Algeo and Caven see Branch’s technology coupled with WATG’s worldwide design experience giving rise to a new way of building that will land a lighter footprint on sensitive landscapes. In remote locales, Algeo notes, skilled labor often has to be imported and housed on a construction site, which is costly, time-consuming, and disruptive to the environment. With 3D printing, pieces could be built off-site and shipped to solve those problems. The structures could be organic, designed to fit with the topography, not just imposed on the site. The process is greener, with literally no construction waste. “We often find ourselves in remote, pristine locations,” Algeo says. “Many times there aren’t skilled workers and contractors and the materials required to produce these structures. It takes a lot of people to build these places. And that can end up permanently damaging the land.” Having a robot build the pieces of a structure makes custom-design on a mass scale cost-effective, they note. “It’s a game-changer for architects and designers,” Caven adds. Hotel rooms, for instance, could be customized with prefabricated walls, giving each one that individual touch.
Algeo imagines habitats for resort clients that can be ferried from place to place as demand ebbs and flows, perhaps from a mountaintop in summer to the desert in winter. “They can be fairly lightweight, move with the seasons, and increase the occupancy of a destination,” he adds.
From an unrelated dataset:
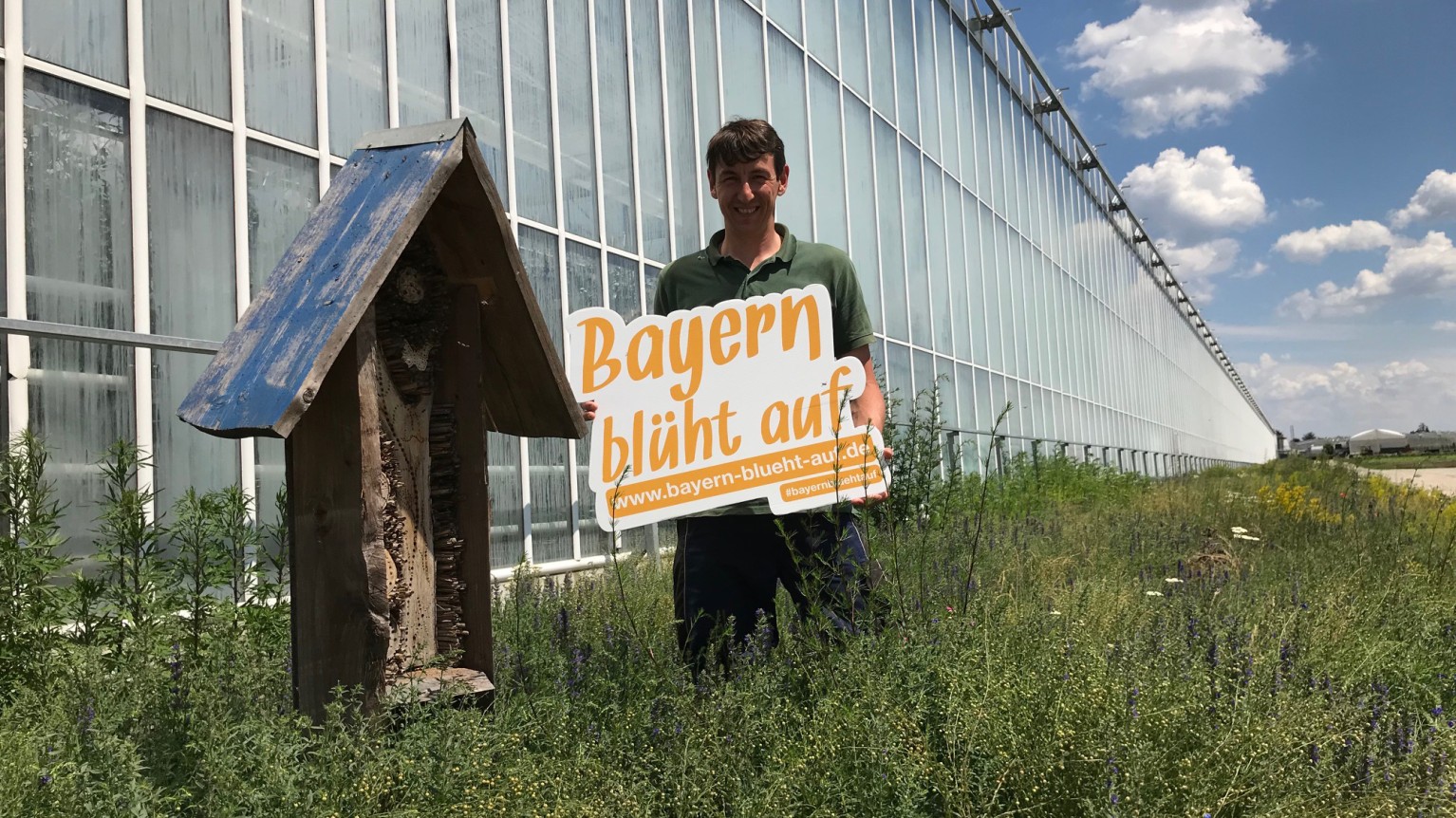 Höfler vor Insektenhotel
There’s precedent. Branch has used the technology to create the world’s largest free‐form, 3D‐printed hanging garden installation, “Nature Clouds,” at Chicago’s Field Museum of Natural History, an open pavilion for a Nashville community lawn that spans 42 feet, and the prototype of a Mars habitat for NASA.
When people start looking for places to go as the travel faucet slowly reopens, they likely will be looking for more remote destinations, perhaps aiming to connect with nature in the mountains of California, the shoreline of Mexico, or the rainforest of Costa Rica. Designing and building with 3D printing could pave the way to develop appealing new ways for resorts to build the kind of remote, intimate lodging travelers will seek without damaging their natural appeal. “The essence of this is letting people experience these places in their natural state,” Algeo says.
“We’re seeing the beginning stages of this transition to usher this technology into the world.”
For WATG, Caven’s work with Branch Technology over the past four years puts the firm on the leading edge of transforming construction techniques largely unchanged for centuries. Branch’s Boyd likens 3D printing technology today to the eve of the microchip age decades ago. “It’s really exciting,” he says. “We’re seeing the beginning stages of this transition to usher this technology into the world.”
For Curve Appeal, Caven and the Branch teamed to work through the structural engineering challenges, keeping the design intact. The house is a sort of puzzle of oddly-shaped Lego pieces, 130 parts in all ranging anywhere from eight to 27 feet long that took from hours to days to print.
It’s an example of the craftsmanship made possible by merging a designer’s unfettered imagination with the endless possibilities of robot construction. Man and machine building what only a few years ago seemed impossible. The Curve Appeal house that will be completed later this year is an uncompromising result of WATG’s design team’s vision.
“It’s such an amazing thing,” Caven says. “We’re coming to a new phase in architecture.”